*Information shown*.
##############################
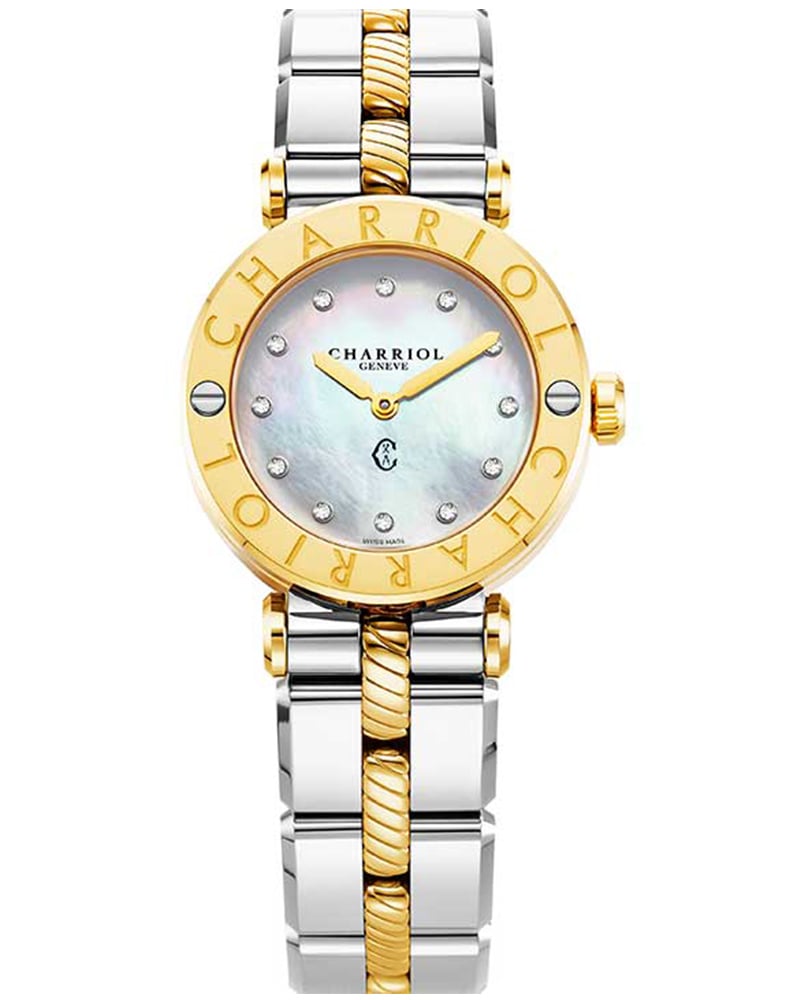 Charriol Healey Round Mother-of-Pearl Women's Watch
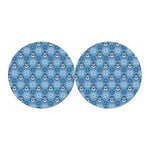 Snowy Penguin Knitted Pattern Print Car Coasters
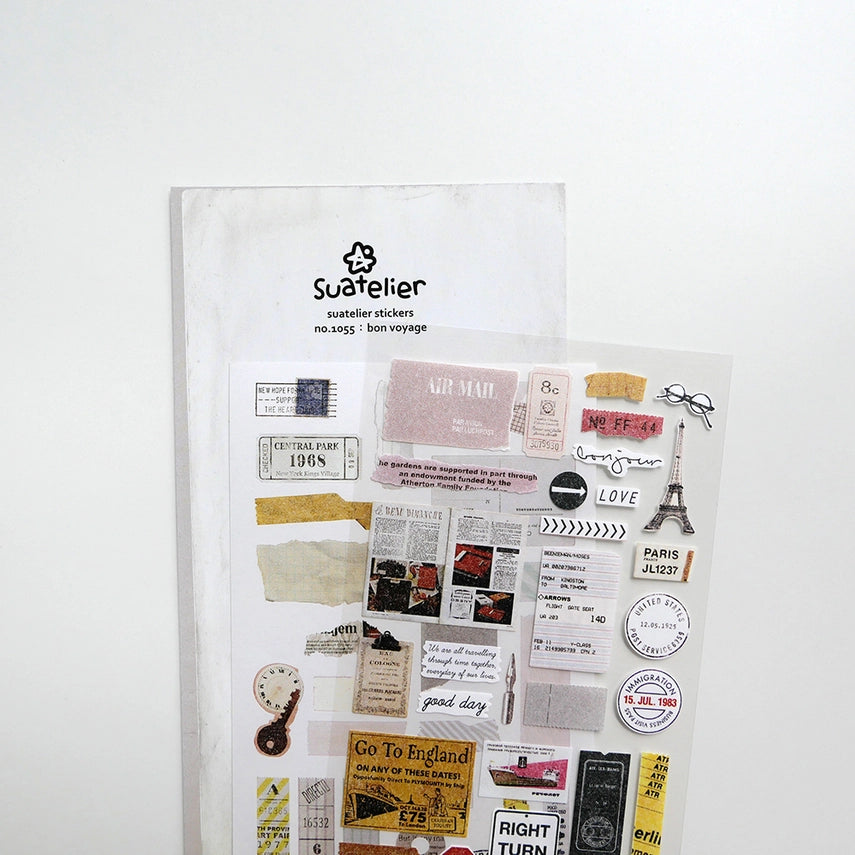 Suatelier Design - Sticker Sheet - Bon Voyage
##############################
*What is expected*. Pictures aside, reproduce all of the data exactly.

*Output of the task*.
 Charriol Healey Round Mother-of-Pearl Women's Watch
 Snowy Penguin Knitted Pattern Print Car Coasters
 Suatelier Design - Sticker Sheet - Bon Voyage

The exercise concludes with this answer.